Lake in Quebec, Canada

The Chapman Lake is a vast expanse of freshwater in the central part of the Gouin Reservoir, in the territory of the town of La Tuque, in Haute-Mauricie, in the administrative region of Mauricie, in the province of Quebec, in Canada.

This bay extends into the cantons of Chapman (northern part), Huguenin (southern part) and Nevers (eastern part). Following
the completion of the Gouin Dam in 1948, the current form of Chapman Lake was shaped by the raising of the Gouin Reservoir. The water level varies significantly, being dependent on the Gouin Dam.

Recreotourism activities are the main economic activity of the sector. Forestry comes second.

A road branch connecting to the South at route 400 serves the southern portion of Chapman Lake and the southwestern portion of "Lac des Cinq Milles". The route 400 connects the Gouin Dam to the village of
Parent, Quebec, also serves the river valleys Jean-Pierre and Leblanc; this road also serves the peninsula which stretches north in the Gouin Reservoir on 30.1 km. Some secondary forest roads are in use nearby for forestry and recreational tourism activities.
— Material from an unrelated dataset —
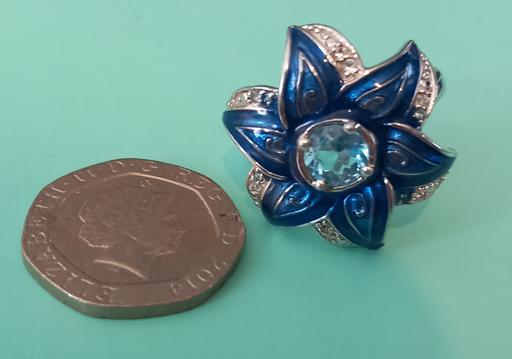 Buy & Sell Merseyside Saint Helens - Photos for Huge sterling silver aquamarine flower ring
The surface of Chapman Lake is usually frozen from mid-November to the end of April, but safe ice circulation is generally from early December to the end of March.

== Geography ==

The lake Chapman is primarily fed by the Kaminitikwakamak Lake Discharge, the Lac Déboisé Discharge, the Kaacikitaporonaniwok Lake Discharge, and the Strait linking it to Marmette Bay South.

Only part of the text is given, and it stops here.